Single by Creeper

from the album Eternity, in Your Arms
- Released: 15 February 2017
- Length: 3:30 (album version) 3:09 (edited version)
- Label: Roadrunner
- Songwriter(s): Will Gould; Ian Miles; Hannah Greenwood; Sean Scott; Dan Bratton; Oliver Burdett;
- Producer(s): Neil Kennedy

Creeper singles chronology
| "Hiding with Boys" (2016) | "Black Rain" (2017) | "Misery" (2017) |

= Black Rain (Creeper song) =

"Black Rain" is a song by English rock band Creeper. Written by the band (Will Gould, Ian Miles, Hannah Greenwood, Sean Scott, Dan Bratton and Oliver Burdett), it was produced by Neil Kennedy and featured as the opening track on the band's 2017 debut studio album Eternity, in Your Arms. The song was released as the third single and music video from the album on 15 February 2017.

==Composition and lyrics==
"Black Rain" was one of the final songs written for Eternity, in Your Arms, and was intended to serve as a "dramatic" opener to the album. Creeper frontman Will Gould named the track as "one of [the band's] favourite" songs on the album, claiming that it "shows the full range of the band". The song is the band's first to feature a solo vocal by keyboardist Hannah Greenwood, who "yells" the line "So darling just you shut your pretty mouth" in the chorus.

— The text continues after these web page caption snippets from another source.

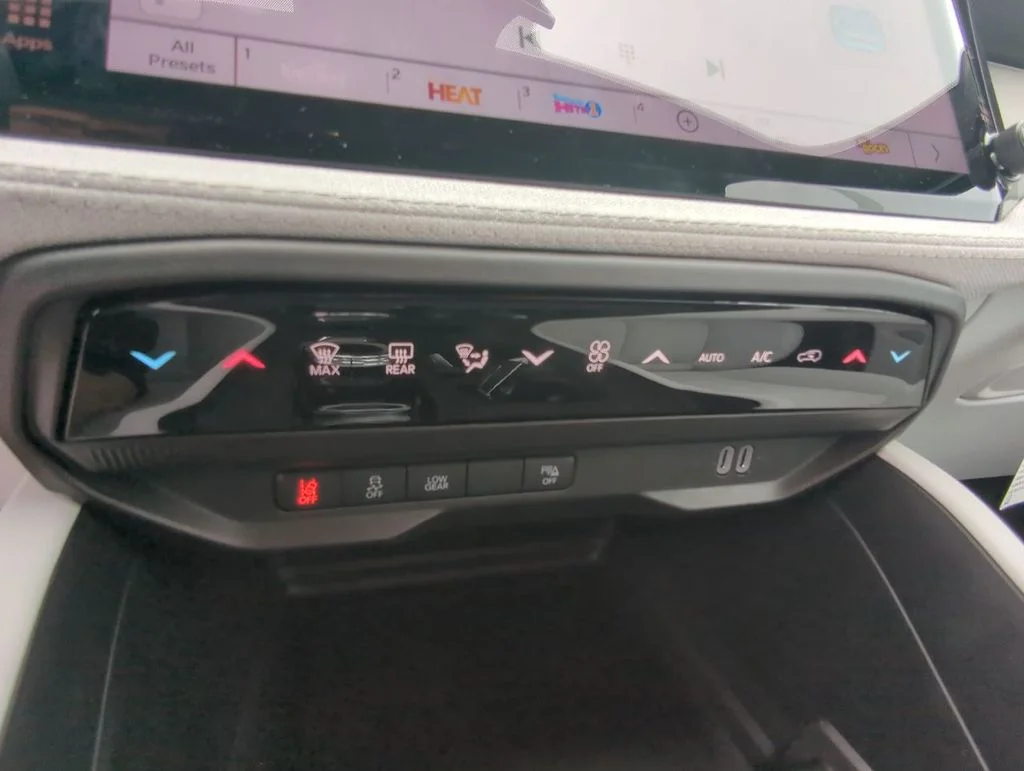 New 2026 Diamond Black Crystal Pearlcoat Jeep Laredo image 19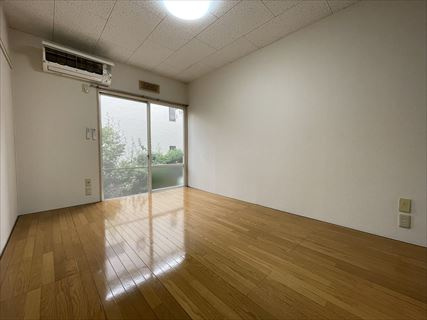 セキネハイツの居間・リビング|使いやすいリビングです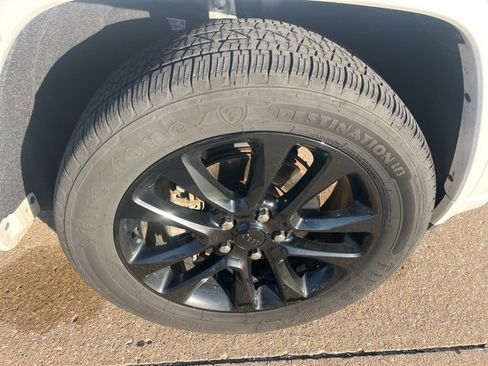 Used 2020 Jeep Grand Cherokee Altitude image 57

It also features additional guitar by James Harding, as well as a spoken word intro by Ellie Price of Southampton-based math rock band Signals. Upon the song's release, Gould and Greenwood described "Black Rain" as "a bitter love song".

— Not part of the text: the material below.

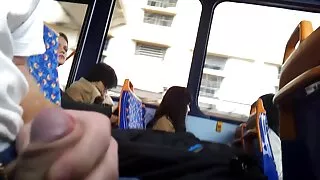 Tipa cu sani frumosi îi place fete goale 18 ani să comenteze pe hentai porno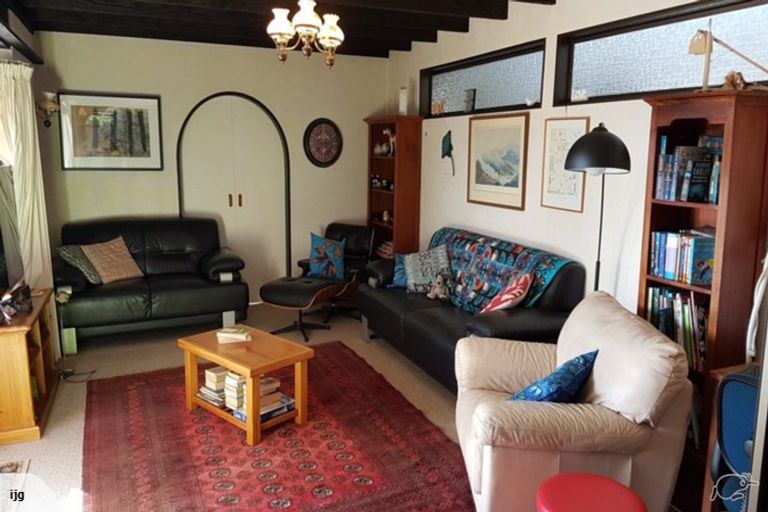 Photo of property in 1/117 Guppy Road, Taradale, Napier, 4112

Reviewing the song for Upset magazine, Ali Shutler described the lyrical content of "Black Rain" as being "Soaked in heartbreak and dramatic consequences", proposing that it deals with the concept of "the frustrations of being young, free and wanting more centre stage" which, he claims, then lead to "uncertainty and self-doubt". Speaking about the style of the song for the NME, Anita Bhagwandas outlined that the song "opens with twinkly piano before a slathering of AFI-esque vocals amble up to provide perfect spookiness". Clash writer Dannii Leivers claimed that the song is influenced by the work of record producer Jim Steinman, describing it as a track which features "goth majesty".

==Promotion and release==
"Black Rain" was premiered worldwide on BBC Radio 1 as MistaJam's "Hottest Record in the World" for 14 February 2017. The song was released as a digital download the following day, alongside a music video for the track. The video was filmed in a church in London with director Jamie Carter, who also worked on the videos for "Suzanne" and "Hiding with Boys". Speaking about the making of the video, Carter revealed that it was inspired by the story of Romeo and Juliet, and that it was his favourite of the trilogy produced for Eternity, in Your Arms.

==Critical reception==
Media response to "Black Rain" was positive. Writing for Upset magazine, Ali Shutler hailed the song as the band's "latest and greatest" upon release. In a review of the single, Shutler described "Black Rain" as "Epic and built to inspire a thousand ideas", praising it as "the first time Creeper have properly stuck their flag in the ground, taken a little bit of everything they love, and proudly declared 'this is us'". DIY writer Will Richards applauded the song as "a thunderous next step for the Southampton punks".